*Work to complete*
Return the listing exactly. Keep no pictures.

────────────────────────────────────────

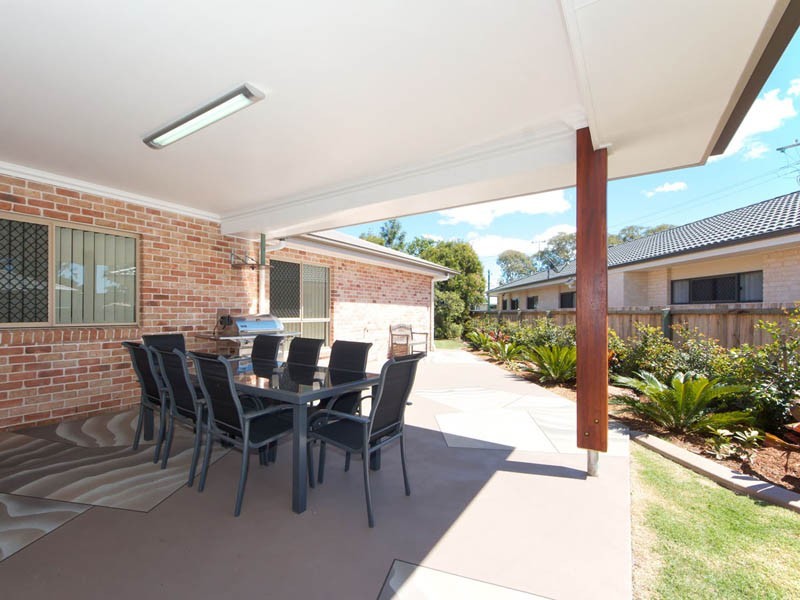 28 Tilia Court, Bongaree QLD 4507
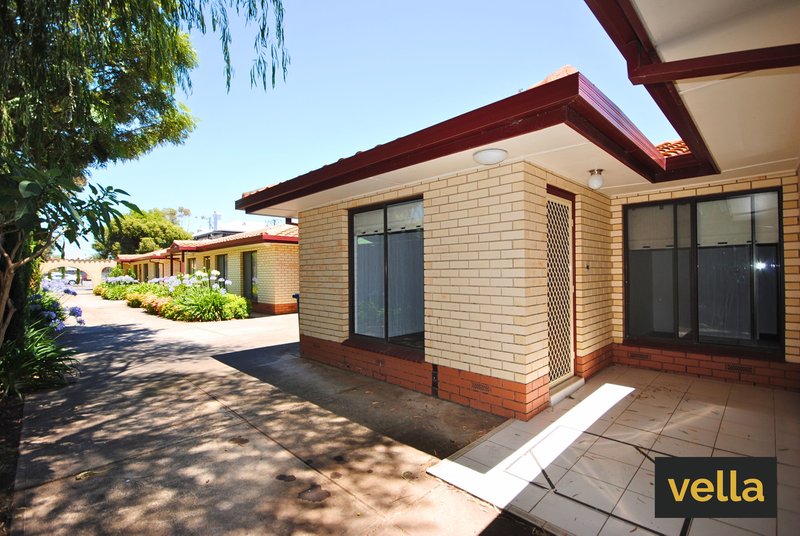 3/78 Leicester Street, Parkside SA 5063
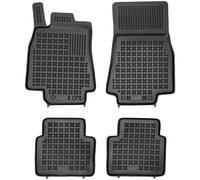 Goma Alfombrillas De Coche Rezaw-Plast para Mercedes B Clase W245 2005-2011 jueg
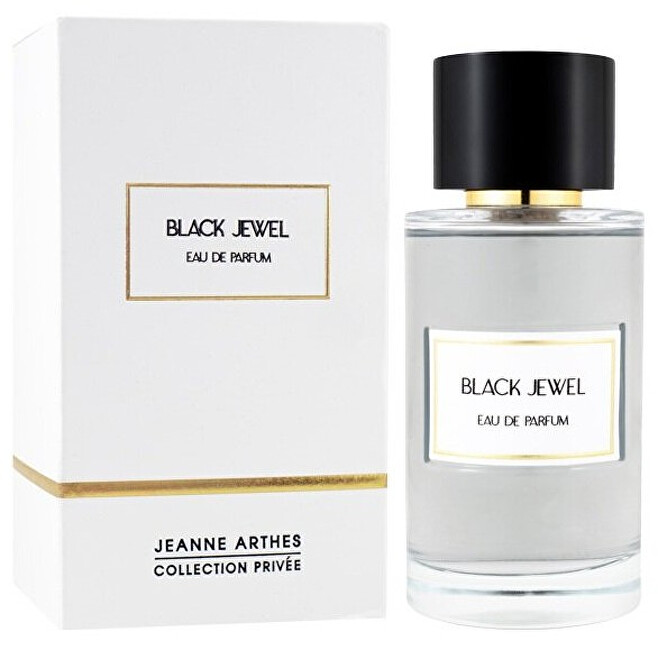 Jeanne Arthes Black Jewel - EDP 100ml Kvepalai Unisex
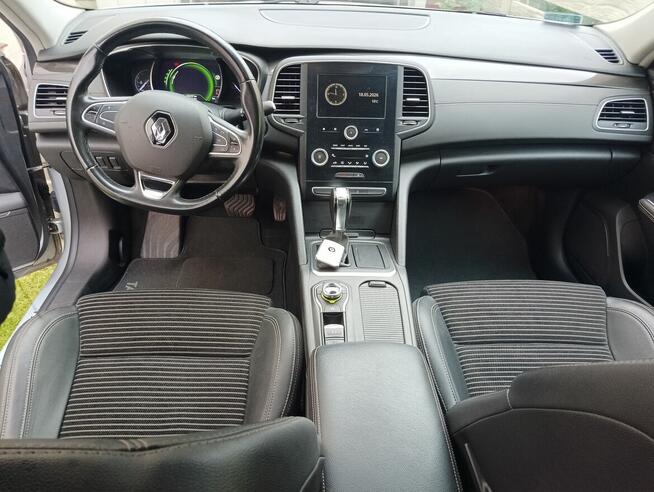 Renault Talisman 1.6 Sprzedam INTENS DCI 160 KM EDC
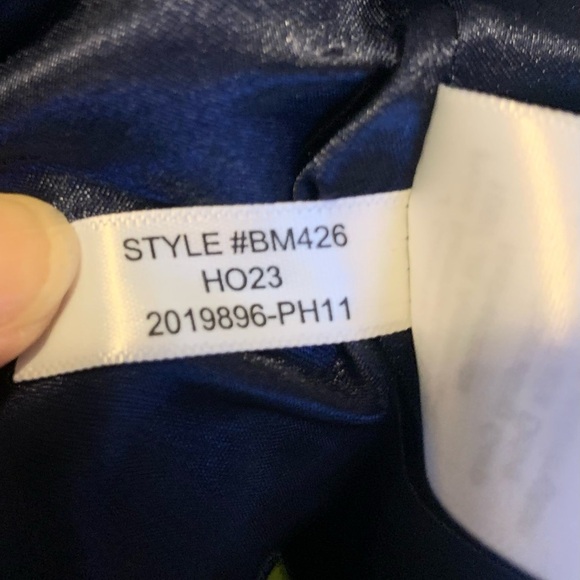 J.Crew Sz 2 Evening Blazer Jacket Italian Double-cloth Wool Blend In Black New - Picture 4 of 5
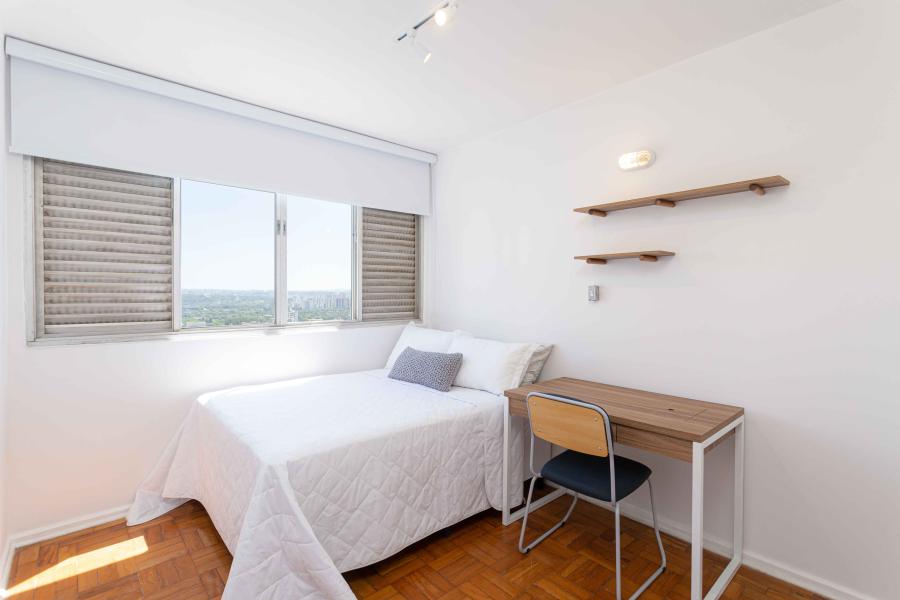 Foto do quarto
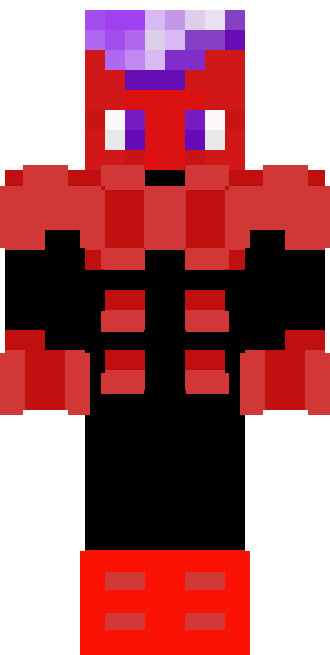 Kéman left from MBARTS skin
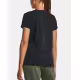 UNDER ARMOUR x Project Rock Night Shift Tee Black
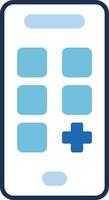Widget Vector Icon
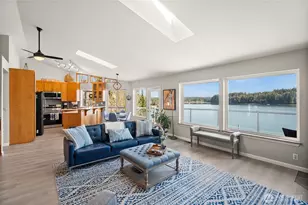 91 E Franjo Beach Dr, Shelton, WA 98584 - Photo 4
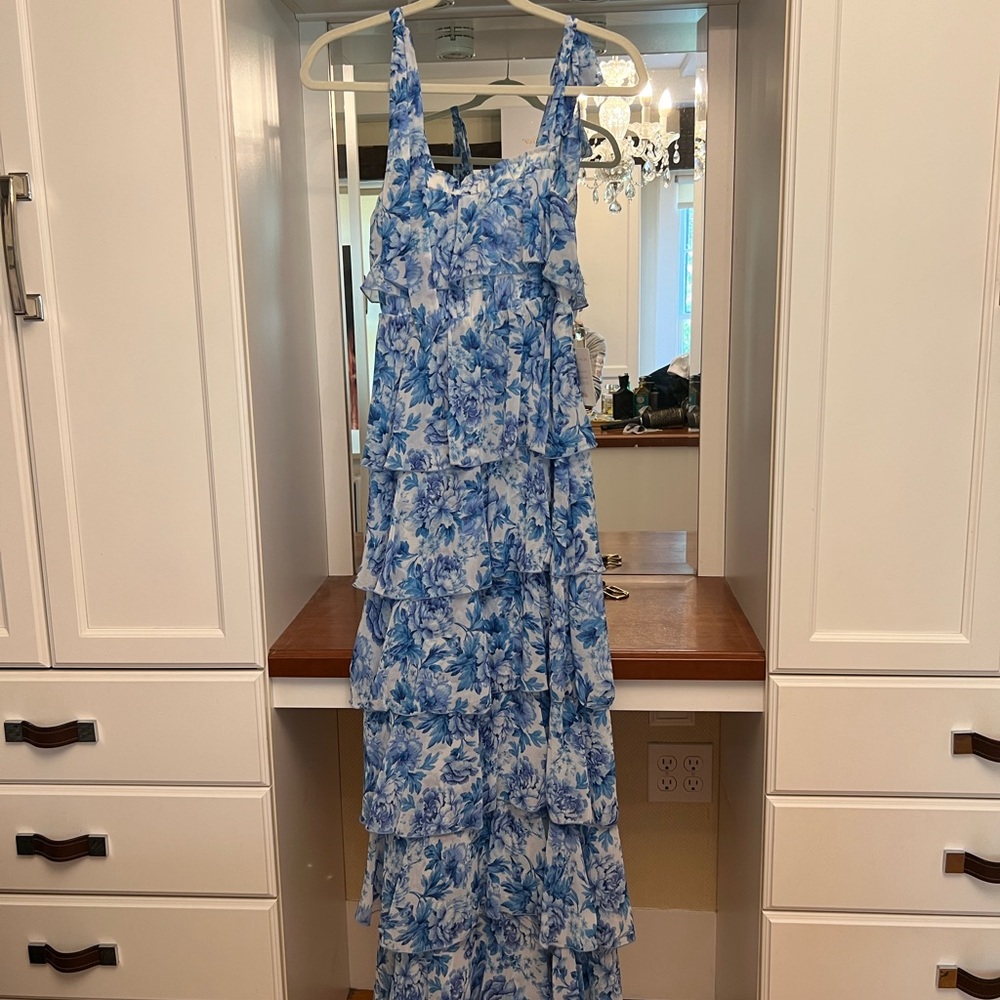 NWT Show Me Your MuMu Dress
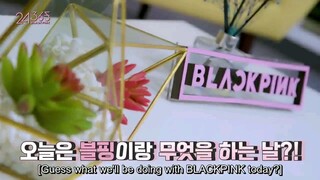 24/365 with BLACKPINK EP.11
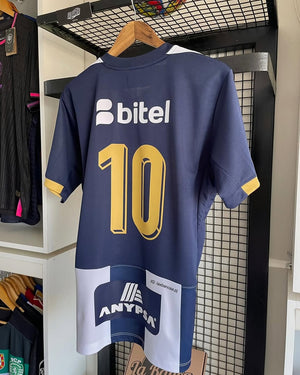 Alianza Lima Local 25-26 Nueva Camiseta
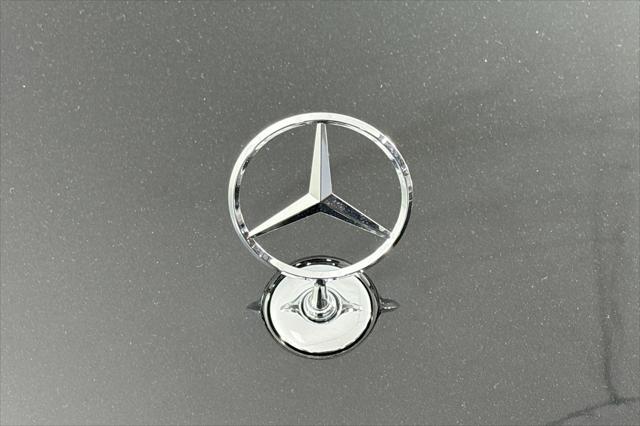 new 2025 Mercedes-Benz S-Class car, priced at $130,095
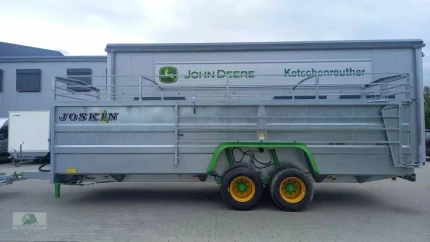 Joskin BETIMAX RDS 7500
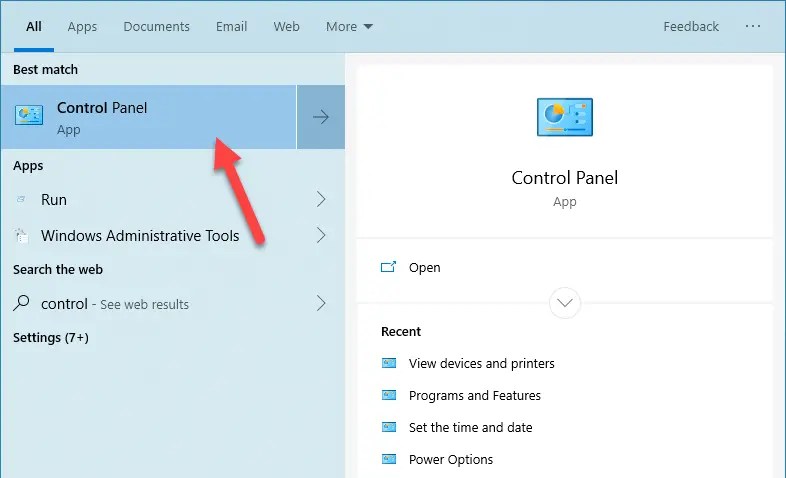 Windowsデフォルトプリンタ03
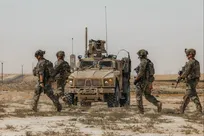 آغاز روند انتقال نیروهای آمریکایی از سوریه به عراق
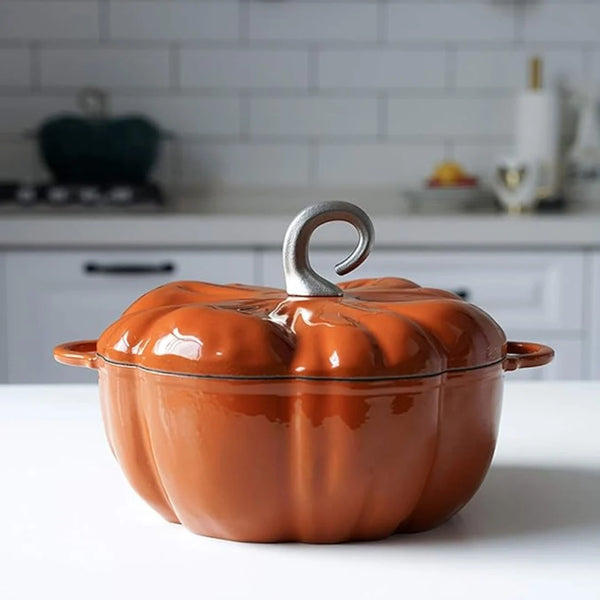 Gourmetific™ Pumpkin Pot - Image 4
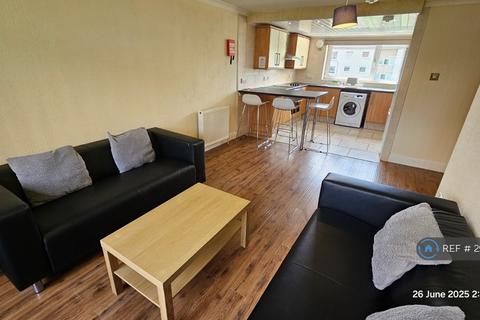 undefined, Hmo Licensed - St Mungo Avenue, Glasgow, G4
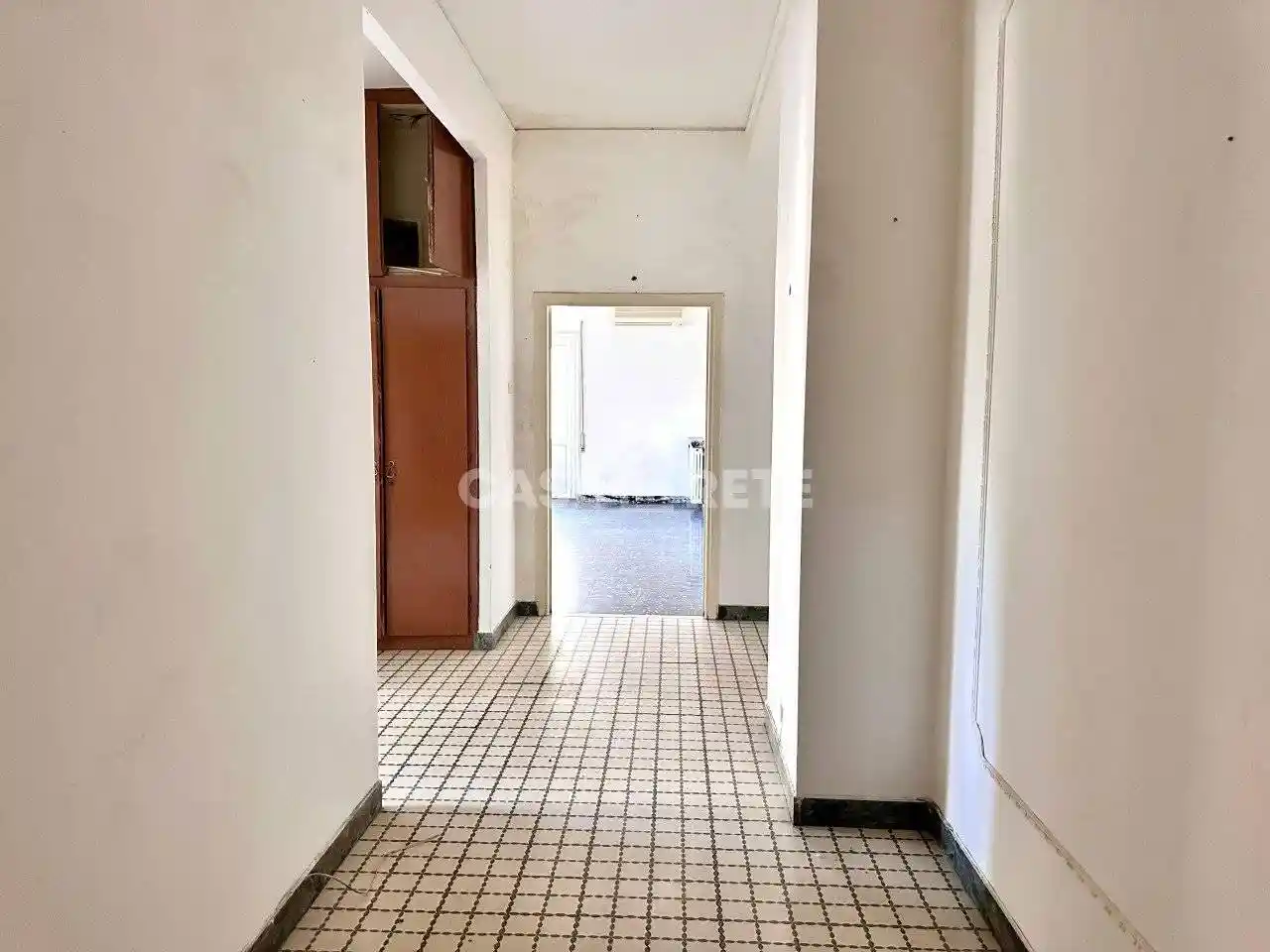 Appartamento viale Trieste 85, Santa Lucia - Paradiso, Viterbo - foto 4
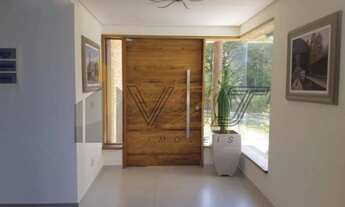 Imagem 2: Casa a venda no Condomínio Vale Santa Fé na Cidade de Vinhedo/SP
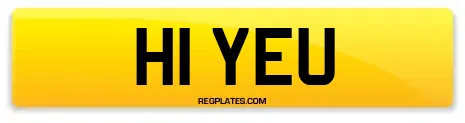 H1 YEU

────────────────────────────────────────

*Written response*
 28 Tilia Court, Bongaree QLD 4507
 3/78 Leicester Street, Parkside SA 5063
 Goma Alfombrillas De Coche Rezaw-Plast para Mercedes B Clase W245 2005-2011 jueg
 Jeanne Arthes Black Jewel - EDP 100ml Kvepalai Unisex
 Renault Talisman 1.6 Sprzedam INTENS DCI 160 KM EDC
 J.Crew Sz 2 Evening Blazer Jacket Italian Double-cloth Wool Blend In Black New - Picture 4 of 5
 Foto do quarto
 Kéman left from MBARTS skin
 UNDER ARMOUR x Project Rock Night Shift Tee Black
Widget Vector Icon
 91 E Franjo Beach Dr, Shelton, WA 98584 - Photo 4
 NWT Show Me Your MuMu Dress
 24/365 with BLACKPINK EP.11
 Alianza Lima Local 25-26 Nueva Camiseta
 new 2025 Mercedes-Benz S-Class car, priced at $130,095
 Joskin BETIMAX RDS 7500
 Windowsデフォルトプリンタ03
 آغاز روند انتقال نیروهای آمریکایی از سوریه به عراق
 Gourmetific™ Pumpkin Pot - Image 4
 undefined, Hmo Licensed - St Mungo Avenue, Glasgow, G4
 Appartamento viale Trieste 85, Santa Lucia - Paradiso, Viterbo - foto 4
 Imagem 2: Casa a venda no Condomínio Vale Santa Fé na Cidade de Vinhedo/SP
 H1 YEU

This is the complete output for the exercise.